K. deusta is found in temperate regions of the Northern Hemisphere on broad-leaved trees. It is also found in Argentina, South Africa, and Australia.

It inhabits living hardwood trees including, but not limited to, European beech (Fagus sylvatica), American beech (Fagus grandifolia), sugar maple (Acer saccharum), red maple (Acer rubrum), norway maple (Acer platanoides), oaks (Quercus), hackberry (Celtis), linden (Tilia), elm (Ulmus), and other hardwoods. The most probably colonization strategy of K. deusta is heart rot invasion. The initial colonization occurs through injuries to lower stems and/or roots of living trees, or through root contact with infected trees. It causes a soft rot, initially and preferentially degrading cellulose and ultimately breaking down both cellulose and lignin. The fungus continues to decay wood after the host tree has died, making K. deusta a facultative parasite.
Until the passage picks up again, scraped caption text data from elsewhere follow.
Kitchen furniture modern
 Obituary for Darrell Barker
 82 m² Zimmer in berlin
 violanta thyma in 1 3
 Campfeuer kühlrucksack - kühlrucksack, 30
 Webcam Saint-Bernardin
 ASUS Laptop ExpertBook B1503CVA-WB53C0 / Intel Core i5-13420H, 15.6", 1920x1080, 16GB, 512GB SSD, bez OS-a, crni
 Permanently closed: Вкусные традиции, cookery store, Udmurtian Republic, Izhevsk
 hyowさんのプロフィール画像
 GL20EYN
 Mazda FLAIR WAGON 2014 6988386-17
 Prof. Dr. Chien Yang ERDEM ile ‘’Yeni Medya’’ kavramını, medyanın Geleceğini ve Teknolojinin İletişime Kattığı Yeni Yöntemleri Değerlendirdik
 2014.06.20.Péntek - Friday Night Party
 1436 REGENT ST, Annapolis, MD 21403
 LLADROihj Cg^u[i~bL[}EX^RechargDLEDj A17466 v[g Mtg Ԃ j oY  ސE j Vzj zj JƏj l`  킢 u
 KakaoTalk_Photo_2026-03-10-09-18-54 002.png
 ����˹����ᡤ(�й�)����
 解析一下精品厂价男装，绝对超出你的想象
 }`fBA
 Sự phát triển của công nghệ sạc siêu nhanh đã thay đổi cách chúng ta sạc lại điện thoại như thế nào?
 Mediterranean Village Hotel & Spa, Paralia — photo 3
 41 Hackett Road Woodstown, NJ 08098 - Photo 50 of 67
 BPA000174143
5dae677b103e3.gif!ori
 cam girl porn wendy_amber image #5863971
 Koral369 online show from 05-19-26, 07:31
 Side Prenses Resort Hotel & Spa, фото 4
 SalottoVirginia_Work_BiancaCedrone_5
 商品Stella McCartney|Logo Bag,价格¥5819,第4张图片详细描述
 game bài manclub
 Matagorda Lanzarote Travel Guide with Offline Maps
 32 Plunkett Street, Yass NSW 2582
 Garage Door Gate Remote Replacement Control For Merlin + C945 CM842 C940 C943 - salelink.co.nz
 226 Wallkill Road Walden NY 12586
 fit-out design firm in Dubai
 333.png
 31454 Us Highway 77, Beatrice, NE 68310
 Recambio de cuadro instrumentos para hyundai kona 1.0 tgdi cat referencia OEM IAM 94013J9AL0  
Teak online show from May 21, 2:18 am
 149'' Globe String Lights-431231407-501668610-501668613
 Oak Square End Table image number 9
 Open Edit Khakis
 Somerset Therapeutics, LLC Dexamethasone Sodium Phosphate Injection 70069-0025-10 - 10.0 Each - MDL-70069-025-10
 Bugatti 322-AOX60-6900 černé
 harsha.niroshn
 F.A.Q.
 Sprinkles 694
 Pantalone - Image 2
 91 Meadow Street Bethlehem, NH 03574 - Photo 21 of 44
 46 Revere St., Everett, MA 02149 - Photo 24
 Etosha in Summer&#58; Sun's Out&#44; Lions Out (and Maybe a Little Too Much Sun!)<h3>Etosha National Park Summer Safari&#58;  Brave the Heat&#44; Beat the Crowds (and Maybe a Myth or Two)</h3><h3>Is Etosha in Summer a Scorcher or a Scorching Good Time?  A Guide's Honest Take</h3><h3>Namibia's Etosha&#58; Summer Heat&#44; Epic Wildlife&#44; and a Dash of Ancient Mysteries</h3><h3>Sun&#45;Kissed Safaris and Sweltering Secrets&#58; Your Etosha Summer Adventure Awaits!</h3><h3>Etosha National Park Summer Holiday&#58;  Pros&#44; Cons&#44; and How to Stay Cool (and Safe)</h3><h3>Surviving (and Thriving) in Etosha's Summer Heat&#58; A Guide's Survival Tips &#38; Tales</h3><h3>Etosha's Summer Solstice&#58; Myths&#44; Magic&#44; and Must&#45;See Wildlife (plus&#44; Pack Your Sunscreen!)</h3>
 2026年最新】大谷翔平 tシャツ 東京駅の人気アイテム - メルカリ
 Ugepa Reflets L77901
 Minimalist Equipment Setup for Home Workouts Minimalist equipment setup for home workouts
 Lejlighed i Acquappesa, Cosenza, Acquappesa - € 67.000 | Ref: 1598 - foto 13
== Treatment and prognosis ==
Studies show the possibility of a Trichoderma species being used as a biocontrol agent against the fungal pathogen. Otherwise, there is no designated treatment for K. deusta once it has infected its host. Once established, the infection is terminal for the tree. It can result in sudden breakage in otherwise apparently healthy trees, with visually healthy crowns. This can result in less than acceptable risk from hazardous trees in higer target (particularly public) settings near roadways, trails, or buildings. Therefore, the recommended treatment would be to remove or significantly reduce the height of trees in higher occupancy areas or within falling distance of structures and to avoid using the infected plant material as mulch.